In accordance with the College admission policy, applicants must be at least 19 years of age or have earned an Ontario Secondary School Diploma (OSSD) or equivalent. Applicants are not required to enrol in a program before requesting PLAR. However, candidates who receive credit for courses through PLAR must go through the regular admission process in order to gain entrance into a College program.

Is there a cost to PLAR?

The PLAR fee is approximately $150 per course and must be paid prior to initiating an assessment. This fee is non-refundable.

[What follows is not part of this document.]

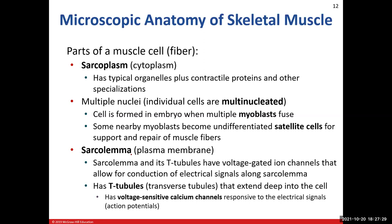In the sarcoplasm we have regular organelles — mitochondria, different types of endoplasmic reticulum, lysosomes, all the usual cell contents. But in addition to that, we have our contractile proteins — actin and myosin — these protein filaments we'll discuss shortly. The sarcoplasm is outside of the nucleus but inside of the plasma membrane.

Who Should I contact to discuss PLARs?

The Registrar's Office is your first point of contact for enquiries regarding the PLAR process. The PLAR Facilitator in the Registrar's Office will:

  • explain the PLAR procedures to you
  • provide guidance regarding application procedure(s) and fees
  • refer the student to the appropriate academic school (subject or program coordinator) to arrange specific assessment processes

When Can I PLAR

In order to ensure appropriate lead time for assessments, students are strongly encouraged to apply for PLAR in the semester preceding delivery of the course(s).
Students currently enrolled in a course who wish to apply for PLAR, must do so by the tenth (10th) day of class. Students who wish to challenge a course they have previously failed will be required to wait a period of one calendar year prior to being eligible for PLAR.

How do I demonstrate Prior Learning?

You can demonstrate your learning in a variety of ways including interviews, demonstrations, simulations, product assessment, challenge exams, and portfolio-assisted assessments. You are responsible for providing documentation that demonstrates the validity of your learning, or to participate in an assessment methodology deemed appropriate to the course, the content, and the learning being measured. The assessment method may vary depending upon the nature of the course or program and takes into consideration that different methods of assessment are available. Your faculty assessor will assist you regarding which method is best for the subject you are trying to obtain credit for through PLAR.

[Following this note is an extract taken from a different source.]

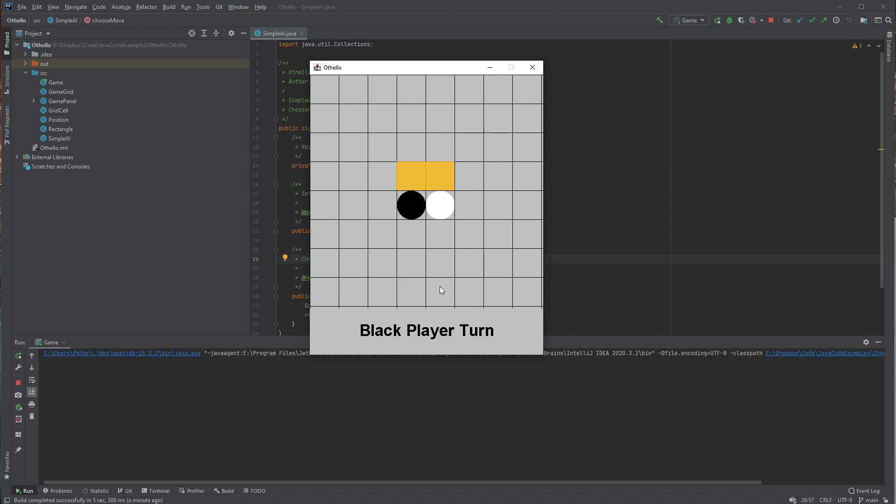So I'll just play there and I'll play there. And so you can see that now the central cells have been filled, we're allowed to play on the outside.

Two of the most popular methods of demonstrating learning are the challenge test or exam and the portfolio-assisted challenge.

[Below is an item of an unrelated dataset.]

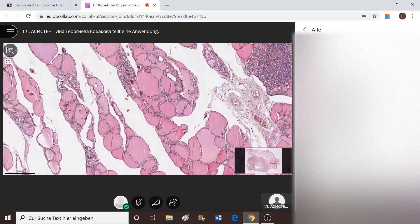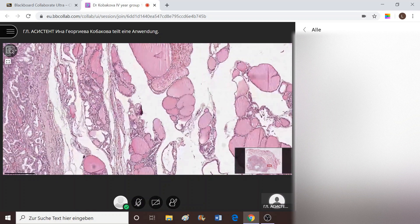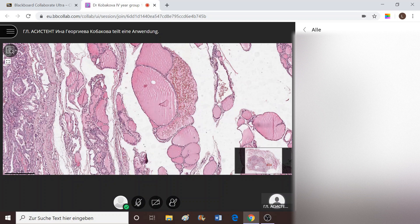Further, we again see cystically dilated follicles. When there is such a process pushing the cuboidal cells to flatten out, how do we call this adaptation process? Do you remember from general pathology? It's known as histological accommodation. That is what we should mention when the professor asks what this type of change means.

The tests or exams are developed by college faculty and used to measure your knowledge and skills in a particular subject area. These tests may include case studies and there is often an interview component. The learning outcomes in the course outline are used as the basis for the assessment process.

The portfolio is a collection of information, which you create, that helps organize and document your life experiences as well as your learning, skills and abilities. Most portfolios include an autobiography, your educational goals, a resume, your learning experiences, a description of knowledge obtained from all sources, documents of support, along with the specific courses for which college credit is requested. It can be used as a tool for career planning, as well as a tool for assessment. The portfolio may be particularly useful for adults who feel that they meet the requirements of several courses within a Fleming program.